Today is my birthday; I am 48. For my cake I got a “Madagascar” themed one( from the movie) as it’s the only one we could find with a hippo on it (I’ll give the other figurines it comes with to the kids) and only the 3 youngest kids bothered to make me cards( even though my mother told them NOT to because she doesn’t want me to even have any cards) and later on in the week my hubby and I will be going out to eat at my fave. Italian restaurant. There’s never a big deal made out of my birthday though and for me it’s pretty much just like any other day but several of my Facebook friends sent me Happy Birthday! messages which was thoughtful and nice and really meant alot. The last we heard from our oldest he was still on his 3 day bus journey back home and the bus broke down and he was stranded in Thunder Bay in a snowstorm and he also lost his cell phone charger and has no food and was asking us to send him $$$$ but we don’t have any $$$$ to send him either as we’re broke ourselves and even have to take out loans now to pay our bills and I had a dream he was in an accident as well and being carried on a stretcher loaded onto an ambulance and he had a broken arm and leg so I hope it *DOESN’T* mean he’ll get into an crash on the bus on the way home or something….
The 15 YR old’s friends also said, “It’s creepy how your mom’s ‘obsessed’ with her dog!” just because I love him, and I’ve still never had Patti over into our house because I’m embarrassed of the mess as she’s this ultimate clean freak that even cleans the bathroom every morning as soon as she gets up and won’t even place her cup of tea on the kitchen table without wiping it down first with a disinfectant wipe, etc. so I don’t want her to see all the clutter and mess WE have for fear of what she might think and say,and I still have to feel sort of “guarded” around her,too, and won’t ever tell her about my depression and Asperger’s for fear she’ll judge me and hate me and no longer want to be my friend anymore.

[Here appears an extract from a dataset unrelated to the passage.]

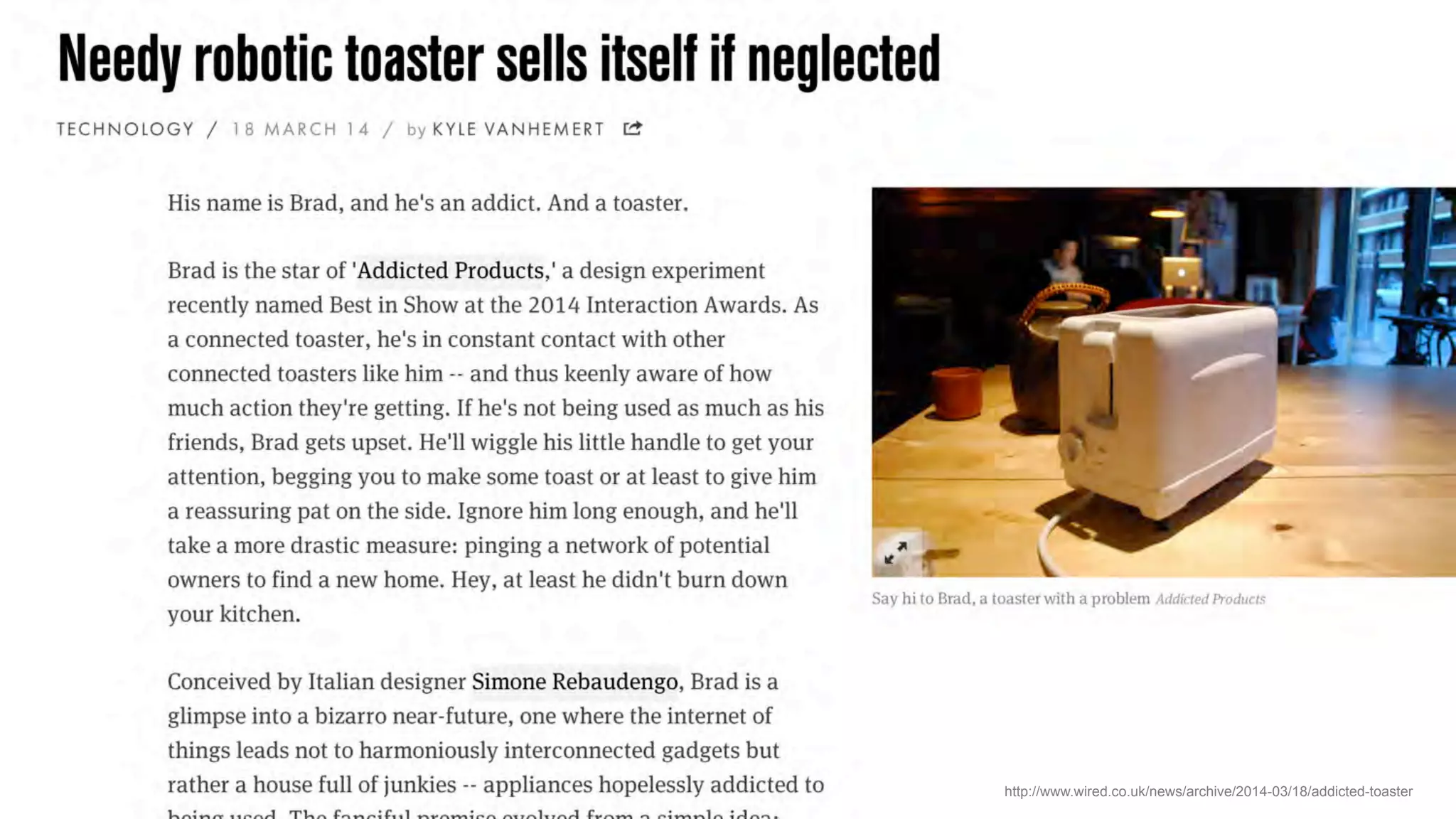 © 2014 IBM Corporation6 http://www.wired.co.uk/news/archive/2014-03/18/addicted-toaster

My hubby and all but the 2 youngest kids watch “Dr. Who” as well and I saw a couple of episodes when I was in the room too and due to it being so cheap and wooden acting( like Star Trek) my mother even asked, “Is it Canadian?” and I can’t see what they see in it, the 15 YR old went skating at a pond with a friend and the ice started to crack and she was freaking out, and I have these sharp “twinges” in my chest on and off(and I’ve been tired for the past week,too) I wonder is a warning for an impending heart attack and maybe I’ll die today, on my birthday, but I’m ready if so( and I’ve always had a feeling I’ll die before I’m 50) and it’ll be a good time now,too, while I still have life insurance as it’ll pay off my mother’s debts, pay for my funeral and other expenses and give them some $$$$ to work with, plus my mother and hubby will be glad with me gone! I also wouldn’t have to worry about my hubby losing his job and my drug coverage with it, or having to possibly move and they’d likely give Buddy back to Patti if I died but the kids could still visit him(unless they move) but she loves him and her dog is his best friend so he’d still be happy and if they tried to force me to move against my will(and I’d lose Buddy, my only happiness in life) I’d kill myself first anyway but if I’m already dead I’m out of the equation and they can do whatever they want.